CPU-vs-GPU comparisons completed so far

All runs below are full L-BFGS-B optimizations executed sequentially on an idle machine. Default rows are grouped by system and backend; use the filters and sortable headers to compare system/backend/device slices directly. Relative speed vs CPU is the device-level comparison to use when deciding whether GPU is worthwhile.
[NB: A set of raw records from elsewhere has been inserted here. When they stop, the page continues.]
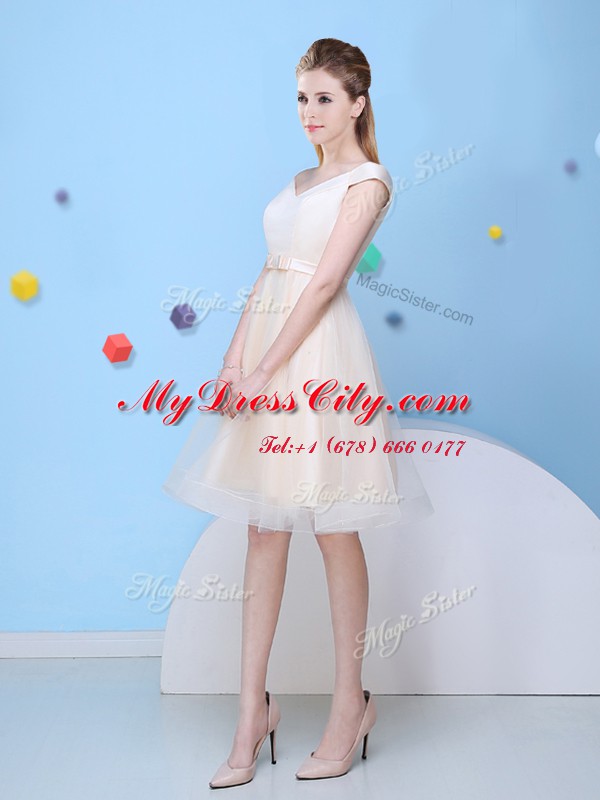 Affordable Bowknot Wedding Guest Dresses Champagne Lace Up Cap Sleeves Knee Length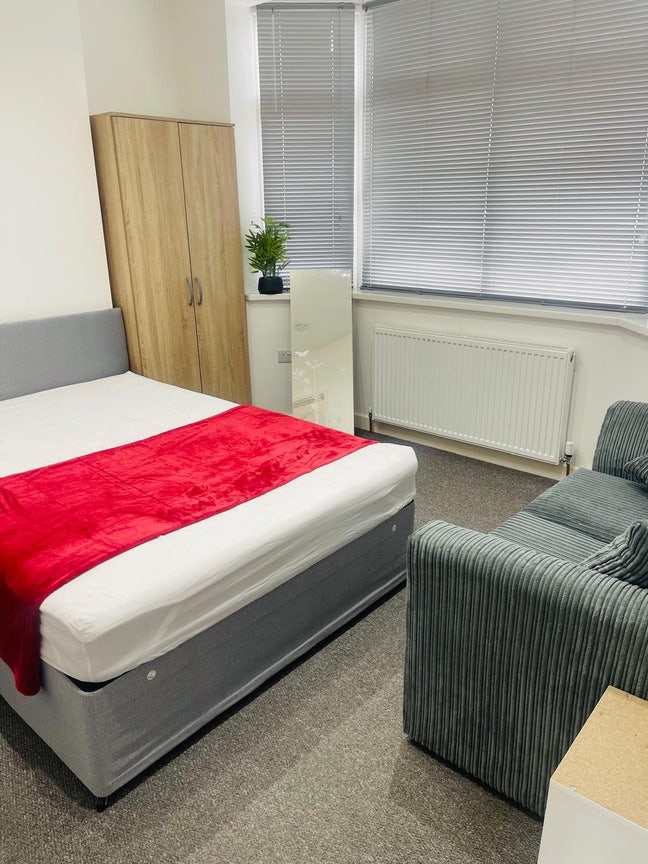 Double Bedroom available in Hounslow  Main Photo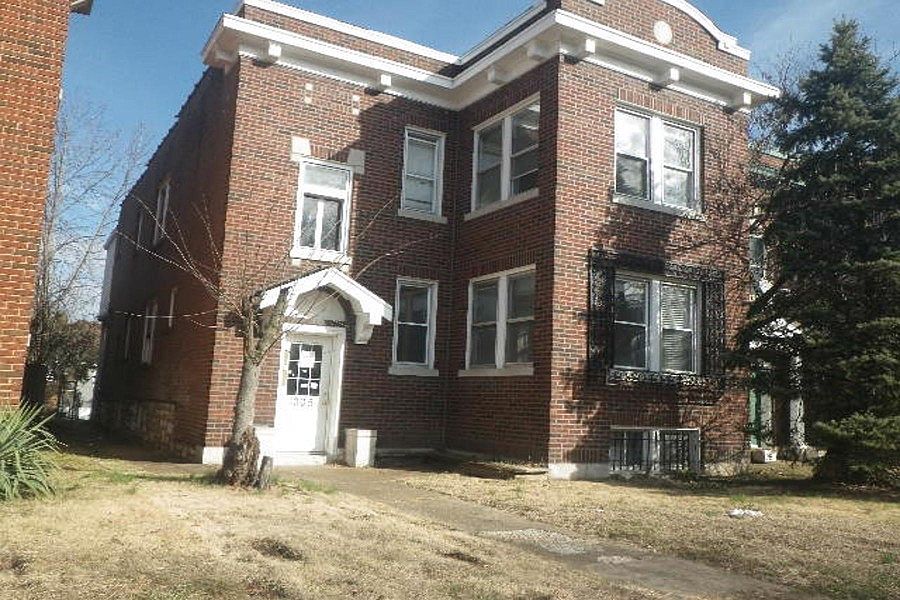 2nd image of 1005 Bates St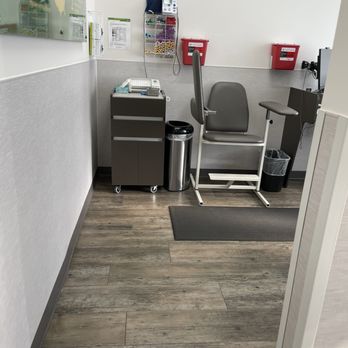 Quest Diagnostics - Room number four. - Laboratory Testing Near Me - Apopka, Florida Quest Diagnostics - Room number four. - Laboratory Testing Near Me - Apopka, Florida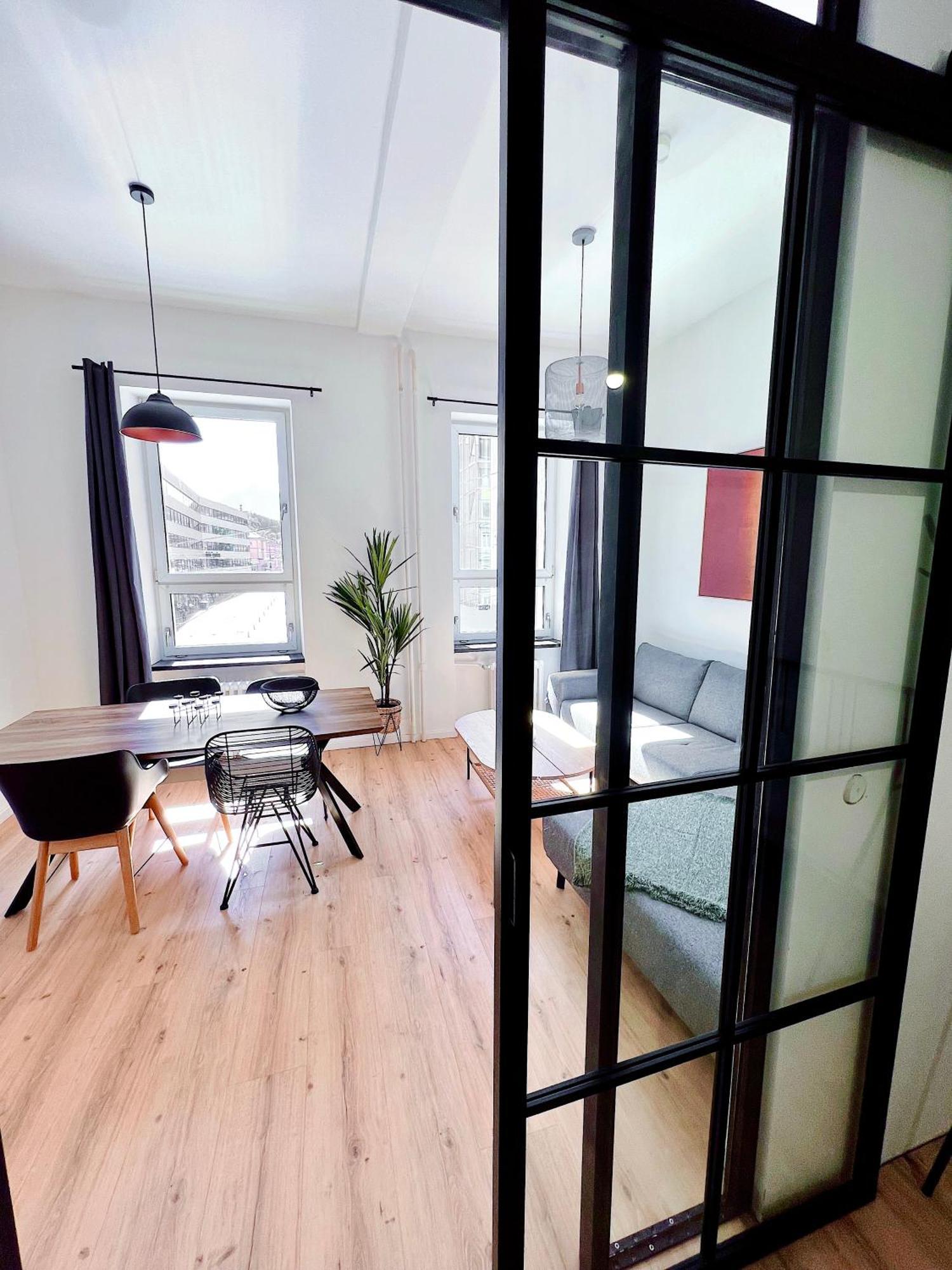 Inner City Design Loft Innsbruck Buitenkant foto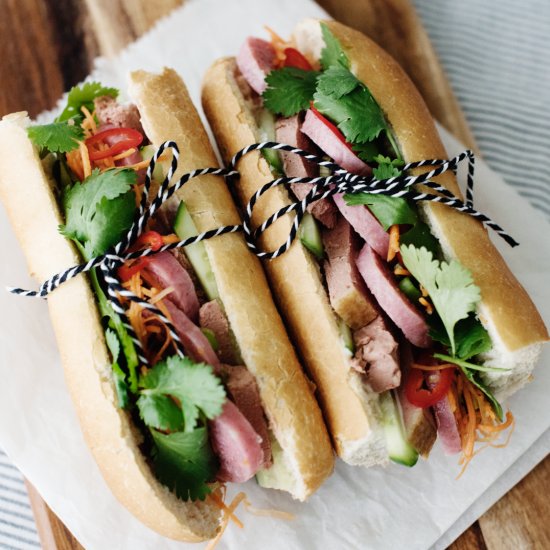 Banh Mi Nem Chua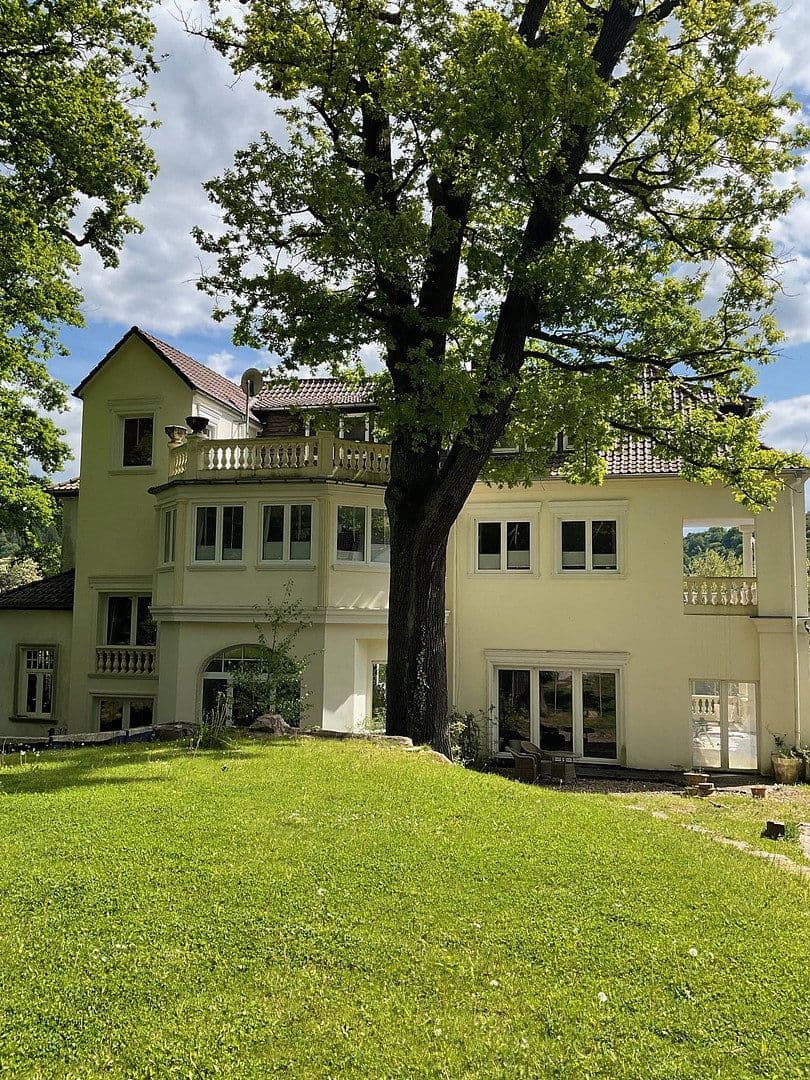 Prodej domu 800 m², pozemek 3.821 m², Bad Karlshafen, Hessen Prodej domu 800 m², pozemek 3.821 m², Bad Karlshafen, Hessen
System Backend Device s/eval Evals Wall time Relative speed vs CPU
Rh-enamide JAX-MD (OPLSAA) GPU 13.44 447 6,009 s 5.61x
Rh-enamide JAX-MD (OPLSAA) CPU 75.38 316 23,819 s baseline
Rh-enamide JAX (harmonic) GPU 12.60 31 391 s 2.08x
Rh-enamide JAX (harmonic) CPU 26.17 21 550 s baseline
CH₃F JAX (harmonic) GPU 0.054 132 7.1 s 0.20x
CH₃F JAX (harmonic) CPU 0.011 95 1.0 s baseline

Interpretation

  • GPU speedup appears once the workload is large enough and the force field is complex enough to keep the device busy. The strongest current example is JAX-MD on Rh-enamide at 5.61x faster than CPU on a per-evaluation basis.
  • Small systems still favor CPU. CH₃F is faster on CPU because kernel-launch overhead dominates the actual arithmetic.
  • Compare s/eval, not raw evaluation counts. CPU and GPU can take slightly different optimization paths because of floating-point reduction-order differences.
  • The three main reasons GPU can still lose are unchanged: consumer-GPU float64 throughput is limited, Hessians are still relatively small, and the frequency objective evaluates molecules sequentially rather than in one large batched kernel.
  • The selected overnight Rh-enamide sweep is useful feasibility evidence for OpenMM CUDA and large-system screening, but its outcome-by-outcome details belong on Rh-Enamide rather than on this device-comparison page.
  • Grad-simp cycling now works on JAX GPU (see Rh-Enamide). JAX MM3 grad-simp reached the same 42.7 RMSD as the OpenMM overnight run in ~25 minutes on the RTX 5090 — a ~23× optimizer-time improvement. This was unblocked by Hessian symmetrisation and bound-aware sensitivity analysis that prevent the eigenvalue failures that previously killed every JAX/JAX-MD grad-simp attempt.
Why float64 still matters on RTX 5090-class GPUs

q2mm keeps these benchmark runs in float64 because the frequency path is still sensitive to Hessian precision, especially for larger systems with soft modes.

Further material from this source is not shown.